2. Aux termes du I de l'article 1447 du code général des impôts : « La cotisation foncière des entreprises est due chaque année par les personnes physiques ou morales (…) qui exercent à titre habituel une activité professionnelle non salariée. (…) ». Aux termes de l'article 1452 du même code : « Sont exonérés de la cotisation foncière des entreprises : 1° Les ouvriers qui travaillent soit à façon pour les particuliers, soit pour leur compte et avec des matières leur appartenant, qu’ils aient ou non une enseigne ou une boutique, lorsqu’ils n’utilisent que le concours d’un ou plusieurs apprentis âgés de vingt ans au plus au début de l’apprentissage et munis d’un contrat d’apprentissage passé dans les conditions prévues par les articles L. 6221-1 à L. 6225-8 du code du travail ; (…) ». Il résulte de ces dispositions combinées que la cotisation foncière des entreprises est due par les personnes qui exercent habituellement une activité professionnelle non salariée à l’exception des « ouvriers » qui s’entendent des travailleurs indépendants exerçant une activité où le travail manuel est prépondérant, ne spéculant pas sur la matière première et n’utilisant pas des installations d’une importance telle qu’une partie importante de la rémunération de l’exploitant provienne du capital engagé.

3. En vertu des règles gouvernant l’attribution de la charge de la preuve devant le juge administratif, applicables sauf loi contraire, s’il incombe, en principe, à chaque partie d’établir les faits nécessaires au succès de ses prétentions, les éléments de preuve qu’une partie est seule en mesure de détenir ne sauraient être réclamés qu’à celle-ci.

4. Si M. B... fait valoir qu’il exerce essentiellement en qualité d’artisan une activité d’aménagement d’espaces verts ne nécessitant que rarement l’utilisation d’une tractopelle, il n’apporte aucun élément probant venant étayer ses allégations, qu’il est seul en mesure de détenir, alors que l’administration fiscale fait valoir que ce type d’activité implique nécessairement l’utilisation d’engins motorisés. Ainsi contrairement à ce que soutient le requérant, s’il est constant qu’il ne spécule pas sur la matière première et qu’il n’utilise pas des installations d’une importance telle qu’une partie importante de sa rémunération provienne du capital engagé, il ne résulte pas de l’instruction qu’il exercerait une activité où le travail manuel serait prépondérant et ne peut donc être regardé comme un ouvrier au sens des dispositions des dispositions précitées de l’article 1452 du code général des impôts.
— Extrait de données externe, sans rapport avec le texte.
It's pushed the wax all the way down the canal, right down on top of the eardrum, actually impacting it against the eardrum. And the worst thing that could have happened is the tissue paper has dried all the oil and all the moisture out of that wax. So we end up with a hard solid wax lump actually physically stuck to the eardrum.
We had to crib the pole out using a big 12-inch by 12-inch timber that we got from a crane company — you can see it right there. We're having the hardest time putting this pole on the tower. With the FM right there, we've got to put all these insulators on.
C’est dès lors à bon droit qu’il a n’a pas été exonéré de la cotisation foncière des entreprises.

5. Il résulte de ce qui vient d’être dit, sans qu’il soit besoin de statuer sur la fin-de non-recevoir opposée par l’administration fiscale, que M. B... n’est pas fondé à demander la décharge des cotisations de cotisation foncière des entreprises auxquelles il a été assujetti au titre des années 2019 à 2023.

Sur les conclusions tendant à l’application des dispositions de l’article L. 761-1 du code de justice administrative :

6. Ces dispositions font obstacle à ce que soit mise à la charge de l’Etat, qui n’est pas la partie perdante dans la présente instance, une somme quelconque au titre des frais exposés par M. B... et non compris dans les dépens.




DECIDE :




Article 1er : La requête de M. B... est rejetée.
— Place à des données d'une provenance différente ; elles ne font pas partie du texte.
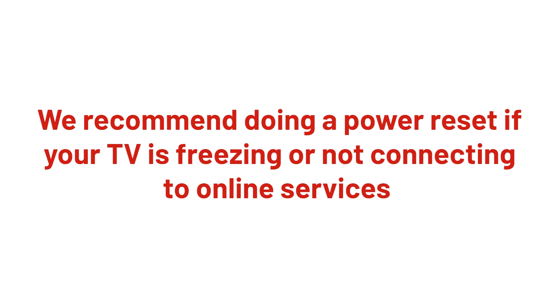In this Argos support video, we will show you how to run through a power reset on your TV. This can help resolve problems with your television — for example, if your television is freezing or not connecting to online services.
Article 2 : Le présent jugement sera notifié à M. A... B... et au directeur régional des finances publiques de la région Auvergne-Rhône-Alpes et du département du Rhône.
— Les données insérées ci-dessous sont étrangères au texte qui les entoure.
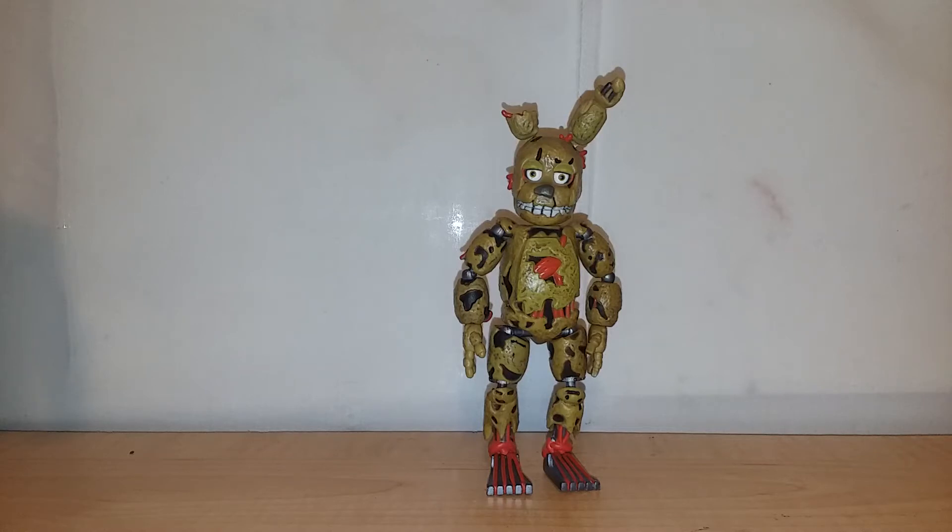I'm a beginner and I did it, so anybody should be able to do it. It really brings out the sculpt and makes the figure look 20 times better because the sculpt is just hidden under that bad paint. So: sculpt great, paint bad. He doesn't come with any accessories because he's the build-a-figure — he practically is the accessory.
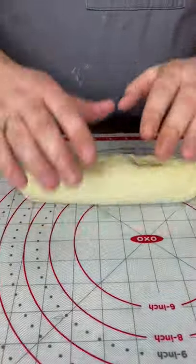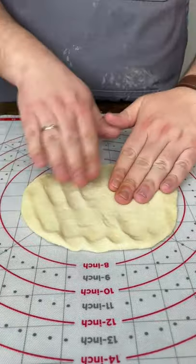Roll the dough and cut into three pieces. Make a box shape as shown in the video.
Délibéré après l’audience du 1er décembre 2025, à laquelle siégeaient :
- M. Clément, président,
- M. Verguet, premier conseiller,
- Mme Viallet, première conseillère.

Rendu public par mise à disposition au greffe le 16 décembre 2025.

Le rapporteur,




H. VerguetLe président,




M. Clément
La greffière,




C. Amouny



La République mande et ordonne au ministre de l'économie, des finances et de la souveraineté industrielle, énergétique et numérique en ce qui le concerne ou à tous commissaires de justice à ce requis en ce qui concerne les voies de droit commun contre les parties privées, de pourvoir à l'exécution de la présente décision.